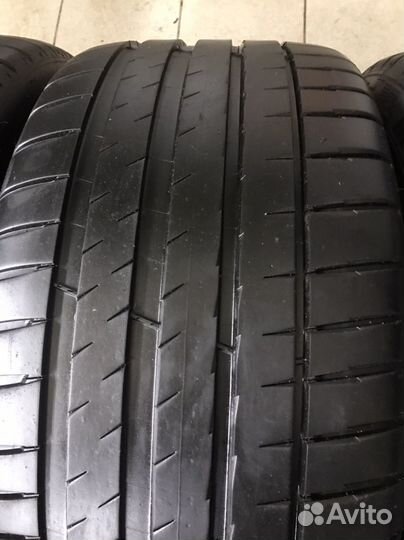 Michelin Pilot Sport 4 275/35 R19 и 245/40 R19 100Y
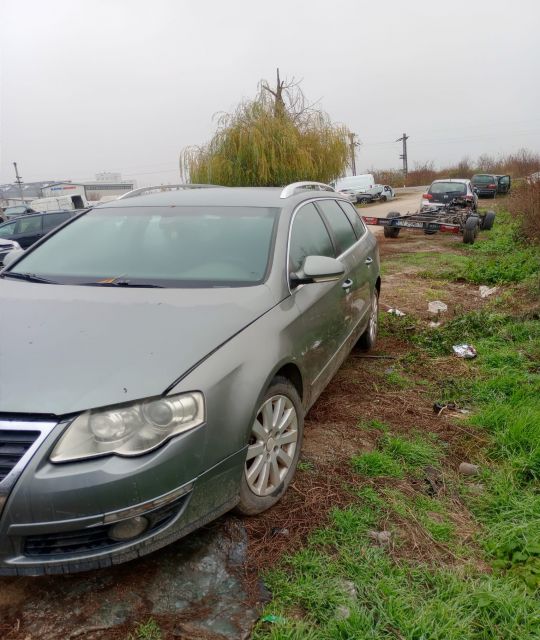 Planetara dreapta Volkswagen VW Passat B6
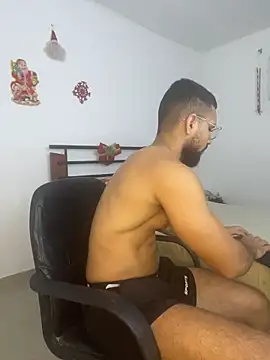 Snapshot of vincentjaxon chatting on 20, 12, 2025 vincentjaxon online show from 20, 12, 2025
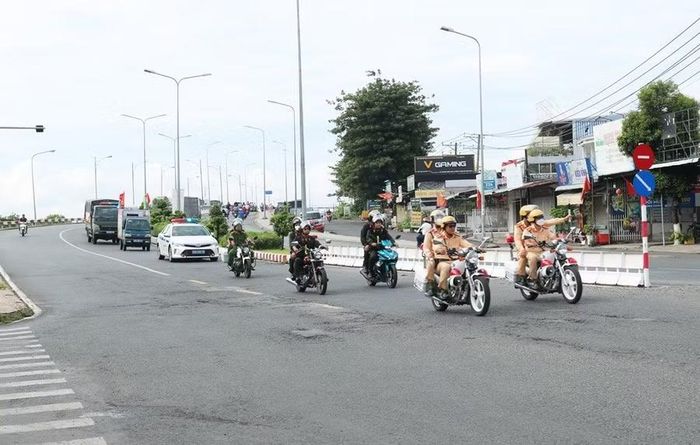 Các lực lượng tham gia diễu hành hưởng ứng Tháng hành động phòng, chống ma túy năm 2026.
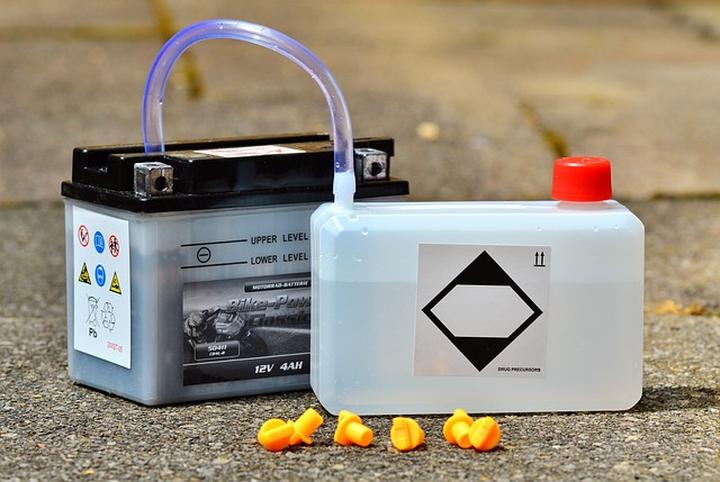 Akcesoria do akumulatora na mrozie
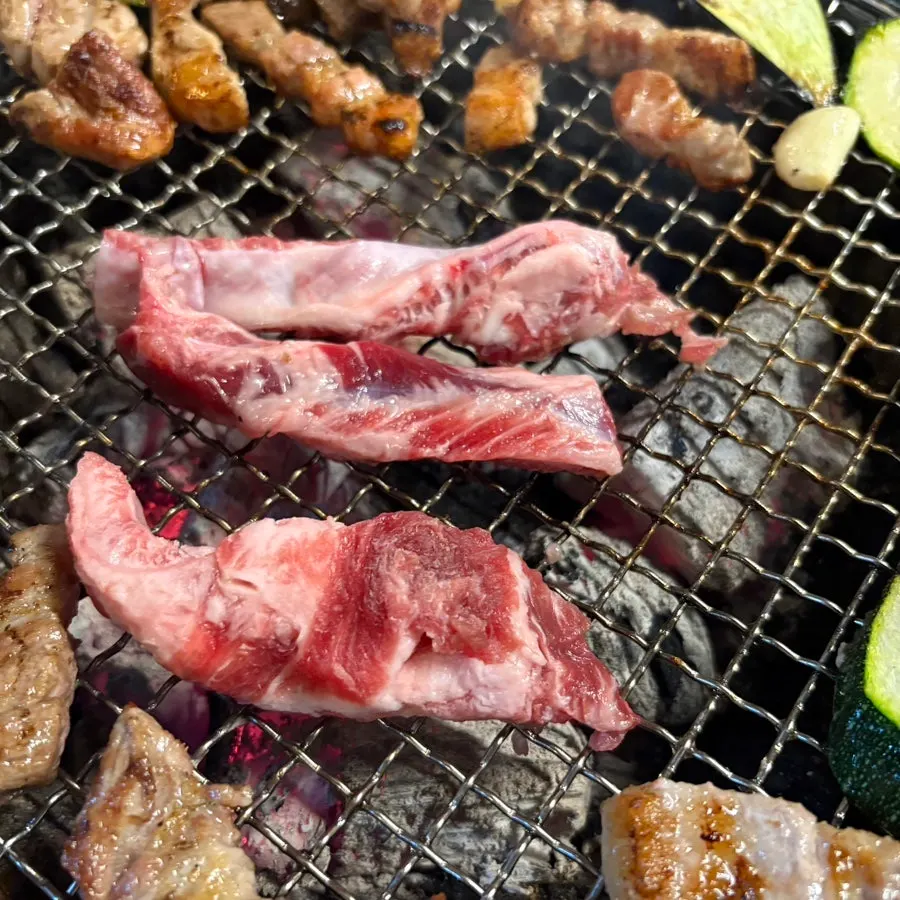 주걱집 소주와 테이블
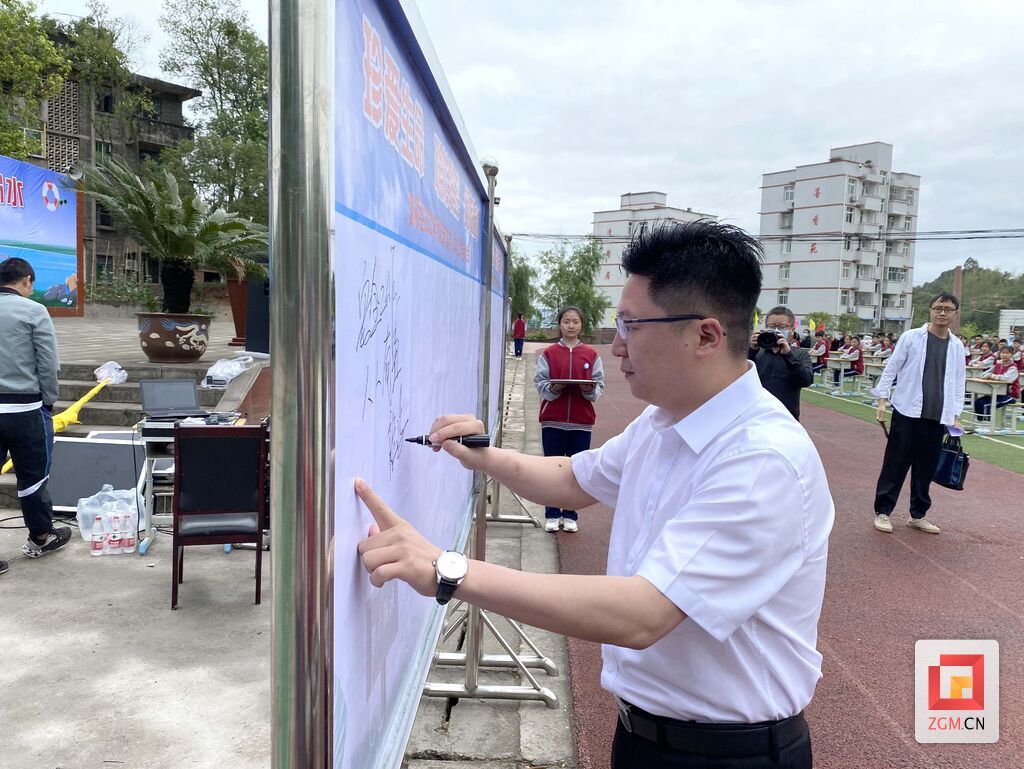下载图片 (2).jpg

=-=-=-=-=

Please produce an exact copy of the listing, omitting the pictures.

 Michelin Pilot Sport 4 275/35 R19 и 245/40 R19 100Y
 Planetara dreapta Volkswagen VW Passat B6
 Snapshot of vincentjaxon chatting on 20, 12, 2025 vincentjaxon online show from 20, 12, 2025
 Các lực lượng tham gia diễu hành hưởng ứng Tháng hành động phòng, chống ma túy năm 2026.
 Akcesoria do akumulatora na mrozie
 주걱집 소주와 테이블
下载图片 (2).jpg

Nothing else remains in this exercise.